Le soir même, lorsque je me précipite dans ma chambre je trouve une note écrite soigneusement à la main, posée bien en évidences sur ma table de nuit : « cela va sans dire qu'à la moindre incartade monsieur Van Der Lood et monsieur Harrisson seront renvoyés. Leur avenir repose sur votre appétit et vos capacités à tenir un engagement, cordialement, Laza Hara ». Je secoue la tête pour tenter de me débarrasser de l'affreux frisson qui me remonte la colonne vertébrale. Cette femme m'effraie. Je pense que d'une certaine façon, totalement tordue, déplacée et flippante, elle essaie de m'aider, de me pousser à être meilleure. Tout de même, savoir qu'à la moindre incartade ils sont virés... je devrais peut-être leur en parler, non ? Les mettre dans la confidence ? Je suis certaine qu'ils m'aideront à tenir mon régime, mais, toutefois, leurs en parler serait comme leur avouer qu'ils sont là à mon bon vouloir, non ? Je veux dire, je ne sais même pas pourquoi Laza a accepté mon marché foireux, je m'attendais surtout à ce qu'elle me vire à coup de pieds aux fesses, oui ! Certainement pas qu'elle cède si facilement. Non, en parler aux garçons ne ferait que me mettre plus de pression, une pression inutile puisque je compte bien tenir ce régime pour sauver leur place. Question d'honneur. Je tiens un mois et demi et ensuite ma dette est effacée. Je recommence à manger et les garçons ne risquent plus rien, à condition que ces idiots ne se battent plus, parce que, franchement, je ne vois pas à partir de quoi je pourrais encore négocier.
– Mûre, tu es là ?
Thibault entre dans ma chambre et me sourit. Je lui fais signe de me rejoindre sur le lit et lui tends la carte. Je peux lui faire confiance, je sais qu'il ne me jugera pas.
– Waouh ! Bonjour la responsabilité.
Il pose une main réconfortante sur mon épaule et reste calme, attendant que je parle. C'est l'une des grandes qualités de Thibault. Il est prévenant. Il est loin d'être idiot ou sans défense, mais il n'est pas là à parader comme le fait James ou à repousser tout le monde comme Lucius. Il est juste lui, calme, attentif et, ma foi, un brin mystérieux.
– Tu voulais quelque chose ? je finis par lui demander en laissant ma tête reposer sur son épaule.

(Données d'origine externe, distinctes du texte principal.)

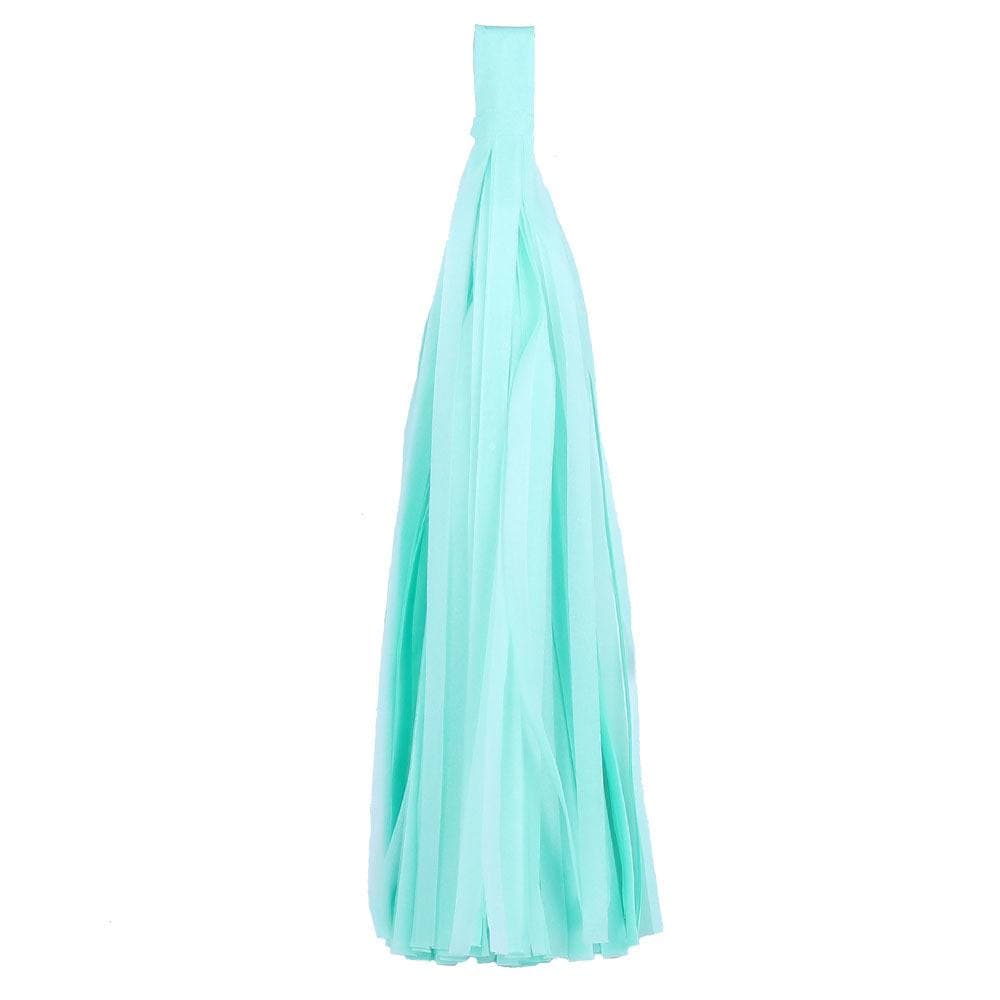 Тассел лента бирюзовый, 1 кисточка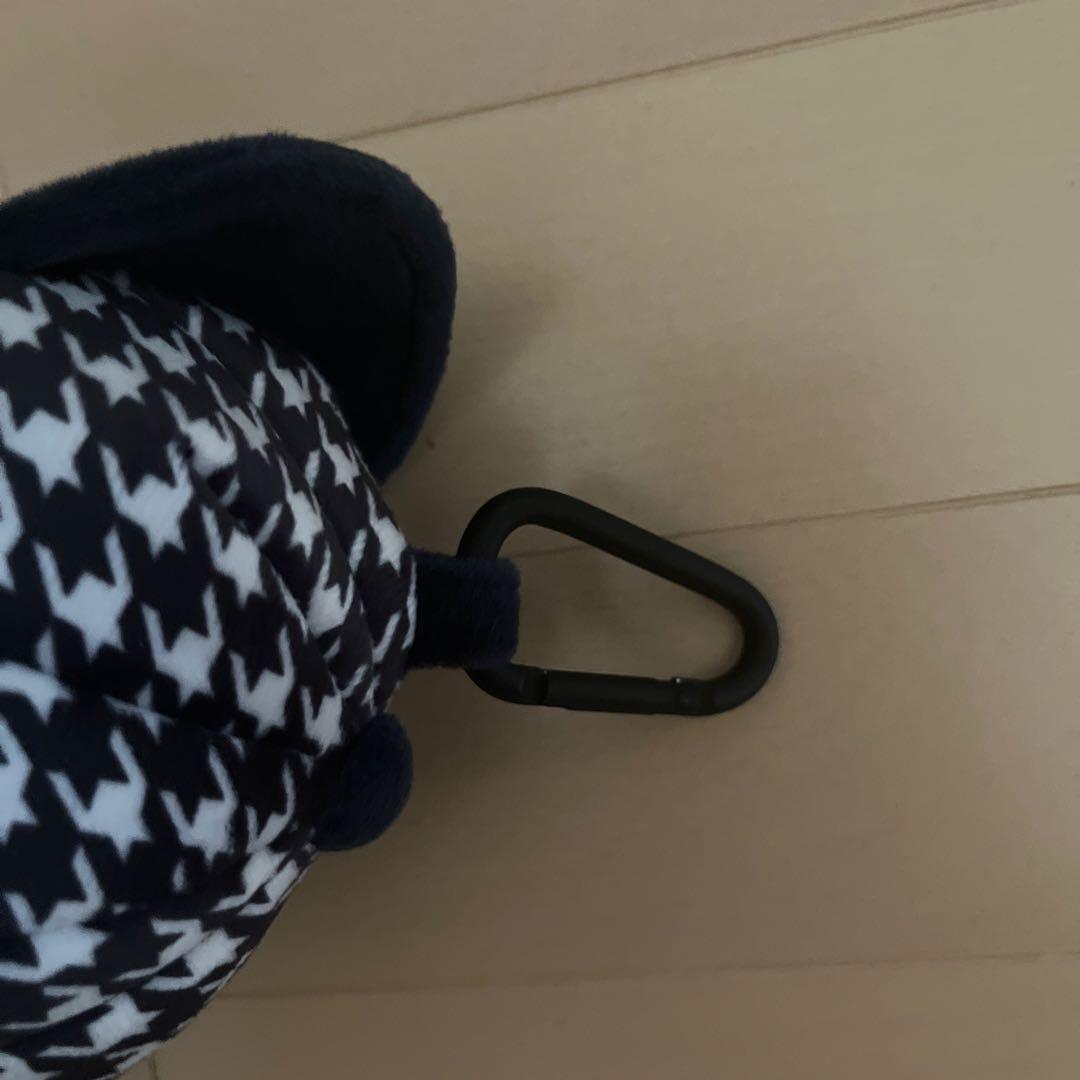 パーリーゲイツスヌーピー千鳥柄ぬいぐるみボール入れポーチアクセサリーゴルフ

– On vient de finir de notre côté et je voulais savoir si tu voulais nous rejoindre à la piscine.
– J'ai mes règles.
Il pique un fard, comme à chaque fois que je lui parles des impératifs féminins et acquiesce. Il embrasse tendrement le sommet de mon crâne et se relève mais, avant qu'il quitte la pièce je lui attrape le bras :
– N'en parle pas aux autres. Je ne sais pas ce qu'ils seraient capables de me faire pour être sûrs que je ne m'éloigne pas du droit chemin.
– Tu sais, souffle-t-il une lueur tendre et protectrice allumant ses jolis yeux bleus, si jamais tu manges et qu'ils sont virés, ce sera de leur faute, pas de la tienne.
Je lui adresse un petit sourire pas convaincu tandis qu'il s'éloigne. Je me laisse tomber sur mon lit en soufflant, fixant les larges poutres de mon plafond. Je ne sais pas pourquoi, mais j'ai l'affreux pressentiment que tout cela sera beaucoup plus difficile que prévu.